Print, word for word, every line from the beginning of the listing up to and including the line with "Modern fade —". Pictures are to be excluded.

## Information shown

++++++++

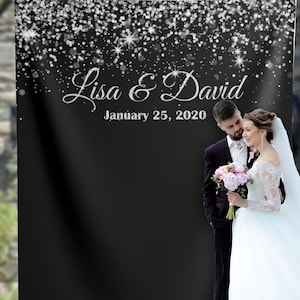 May include: A black backdrop with silver glitter falling from the top. The text "Lisa & David" and "January 25, 2020" is written in silver glitter. A bride and groom are standing in front of the backdrop. The bride is wearing a white wedding dress and the groom is wearing a black suit.
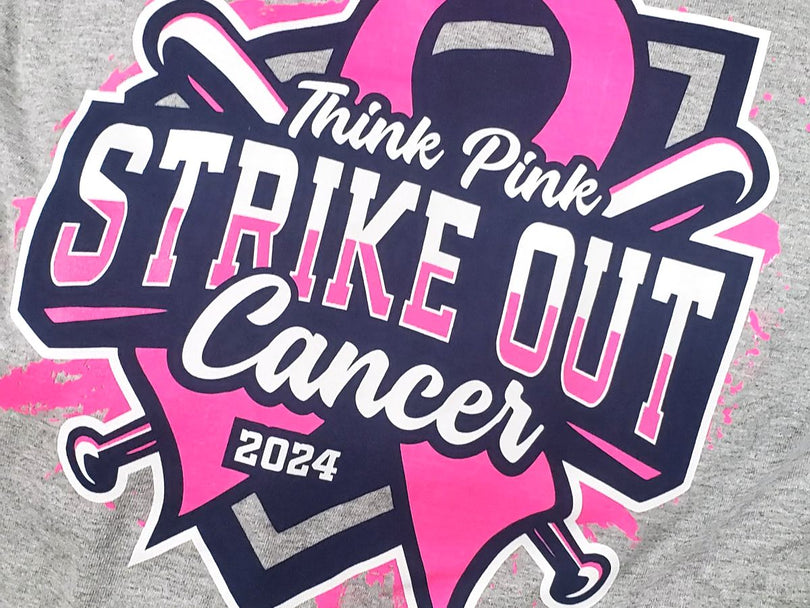Gray shirt with a bold design featuring the words “Think Pink Strike Out Cancer 2024” in pink, white, and black letters, with two crossed bats, a large pink ribbon, and pink paint splatter accents.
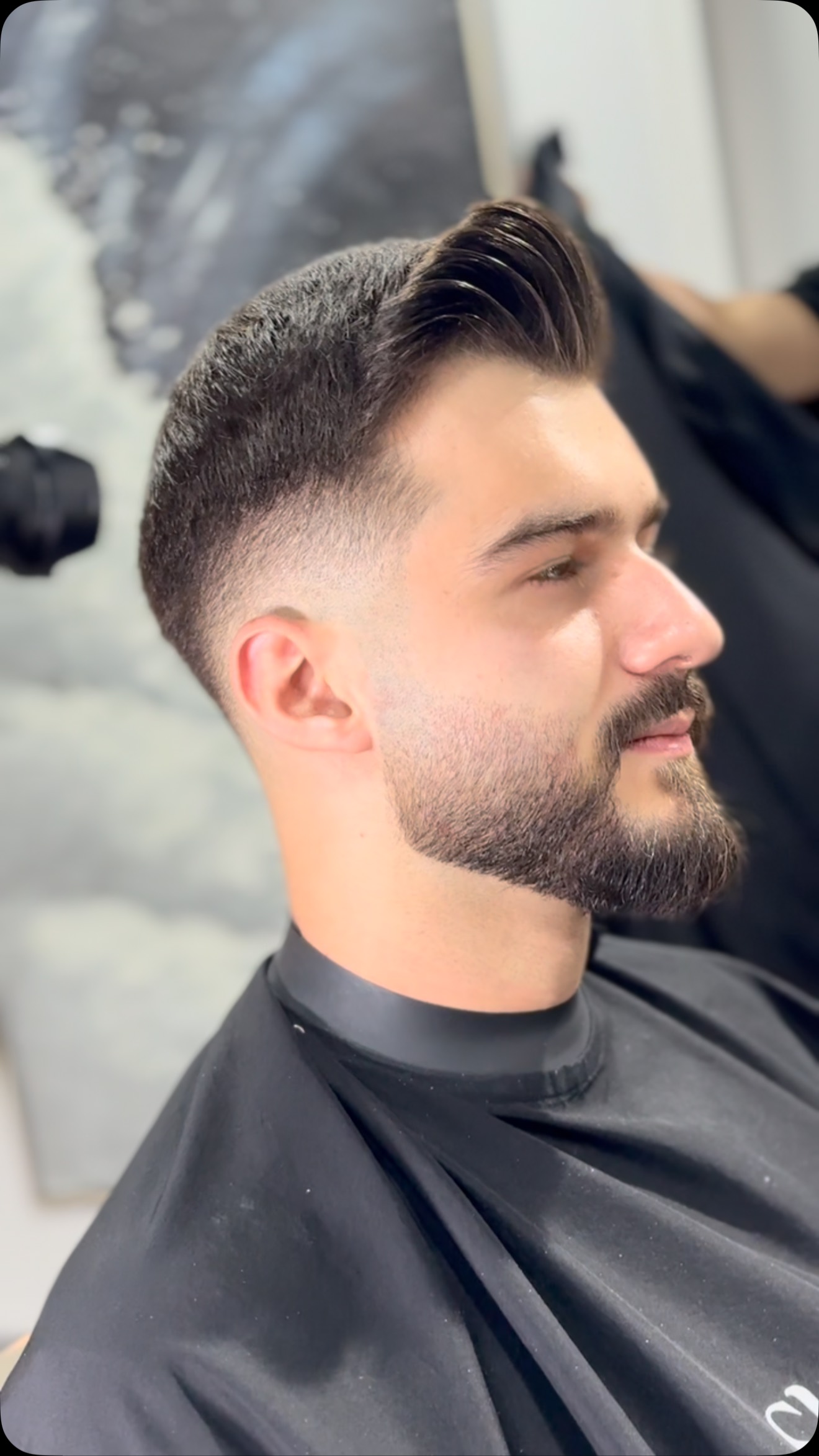Modern fade — three-quarter profile, weight left on top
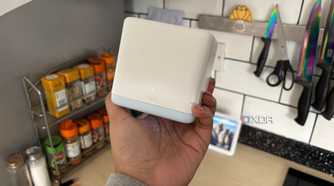 Mercusys mesh wifi system node in kitchen with kitchen counter in background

++++++++

## Answer section
 May include: A black backdrop with silver glitter falling from the top. The text "Lisa & David" and "January 25, 2020" is written in silver glitter. A bride and groom are standing in front of the backdrop. The bride is wearing a white wedding dress and the groom is wearing a black suit.
Gray shirt with a bold design featuring the words “Think Pink Strike Out Cancer 2024” in pink, white, and black letters, with two crossed bats, a large pink ribbon, and pink paint splatter accents.
Modern fade — three-quarter profile, weight left on top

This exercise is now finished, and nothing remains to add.